The Kenyan government is utilizing Blockchain to develop an immutable and transparent education management system. The Ministry of Information, Communication and Technology (ICT) is currently collaborating with IBM to enable schools and other educational institutions to issue academic certificates on a cloud-based Blockchain network.
In a recently released report, the Association of International Educators (NAFSA), which represents over 10,000 members and 3,500 institutions located across 150 countries, revealed that academic fraud is becoming a serious issue for prominent and reputable universities and colleges.
A section of the report read:
“George Gollin, a University of Illinois physics professor who has investigated diploma mill frauds such as that of St. Regis, says that based on his research, he estimates that 200,000 academic degrees are sold by illegal degree providers in the United States each year.”

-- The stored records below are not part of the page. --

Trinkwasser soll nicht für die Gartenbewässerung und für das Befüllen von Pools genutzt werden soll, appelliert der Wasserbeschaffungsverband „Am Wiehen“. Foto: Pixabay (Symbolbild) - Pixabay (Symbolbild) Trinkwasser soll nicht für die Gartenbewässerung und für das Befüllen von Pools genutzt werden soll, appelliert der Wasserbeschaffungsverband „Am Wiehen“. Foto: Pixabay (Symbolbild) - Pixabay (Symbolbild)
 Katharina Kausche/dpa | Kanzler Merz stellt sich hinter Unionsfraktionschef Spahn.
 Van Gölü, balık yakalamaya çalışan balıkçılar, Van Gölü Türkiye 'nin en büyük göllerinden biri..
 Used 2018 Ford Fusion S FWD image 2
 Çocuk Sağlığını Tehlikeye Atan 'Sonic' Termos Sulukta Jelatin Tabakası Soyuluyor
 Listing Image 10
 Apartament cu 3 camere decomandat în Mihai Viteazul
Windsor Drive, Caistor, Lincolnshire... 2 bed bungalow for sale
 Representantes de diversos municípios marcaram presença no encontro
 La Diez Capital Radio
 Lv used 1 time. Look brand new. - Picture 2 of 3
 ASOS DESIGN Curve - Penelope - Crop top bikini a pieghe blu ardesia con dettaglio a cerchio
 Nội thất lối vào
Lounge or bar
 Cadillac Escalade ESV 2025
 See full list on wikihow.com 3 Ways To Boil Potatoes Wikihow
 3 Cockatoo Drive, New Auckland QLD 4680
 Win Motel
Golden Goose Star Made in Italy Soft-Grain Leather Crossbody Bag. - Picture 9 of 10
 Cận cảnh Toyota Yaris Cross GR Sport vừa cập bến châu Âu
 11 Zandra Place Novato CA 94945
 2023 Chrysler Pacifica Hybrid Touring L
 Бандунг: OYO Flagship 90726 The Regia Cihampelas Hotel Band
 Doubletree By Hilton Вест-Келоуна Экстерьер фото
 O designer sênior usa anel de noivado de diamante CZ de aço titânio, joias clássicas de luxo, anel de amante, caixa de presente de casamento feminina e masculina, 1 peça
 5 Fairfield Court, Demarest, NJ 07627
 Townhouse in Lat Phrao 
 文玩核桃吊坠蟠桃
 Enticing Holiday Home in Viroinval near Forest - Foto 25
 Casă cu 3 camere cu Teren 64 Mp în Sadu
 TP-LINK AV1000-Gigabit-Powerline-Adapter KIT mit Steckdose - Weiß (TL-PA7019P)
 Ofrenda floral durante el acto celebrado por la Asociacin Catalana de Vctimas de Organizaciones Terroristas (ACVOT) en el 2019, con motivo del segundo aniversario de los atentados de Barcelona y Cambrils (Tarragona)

In an attempt to reduce the issuance of fraudulent academic degrees and restrict the market of illicit academic certificate production, the Kenyan government is closely working with IBM to launch an academic certificate issuance platform on a Blockchain network.
Specifically, the ICT ministry is utilizing IBM’s enterprise-grade Blockchain solution, which is currently being implemented by leading corporations and financial institutions to supplement operations in a more secure and transparent ecosystem.
Nyimbi Odero, the ICT ministry's innovation adviser, stated during a talk at the Strathmore University in Nairobi that students soon will not be able to list manipulated exam outcomes or university performance. More importantly, Odero also noted that the platform would allow companies or other relevant parties to verify student credentials on an efficient Blockchain platform.
"The government of Kenya, working with IBM is currently implementing a Blockchain-based education certificate management system so that if you are a Kenyan student, you can't fake your exam outcomes."
To date, the IBM Blockchain solution or any of its products haven’t been tested on a commercial scale. Large-scale corporations or banks have yet to announce successful testing or launch of an IBM Blockchain-based product. Thus, the Kenyan government must consider other working products such as Blockcerts which are based on a secure Blockchain, like Bitcoin.
Introduced in October, Blockcerts is an open infrastructure for academic credentials built on top of the Bitcoin network. Inspired by MIT Media Lab’s project, Blockcerts provides a decentralized credentialing system by prioritizing security.
When it comes to certificate issuance, security must be the utmost priority of the Kenyan government. The utilization of private networks like IBM could result in the same case with centralized databases, which would leave its Blockchain-based platform vulnerable to data theft.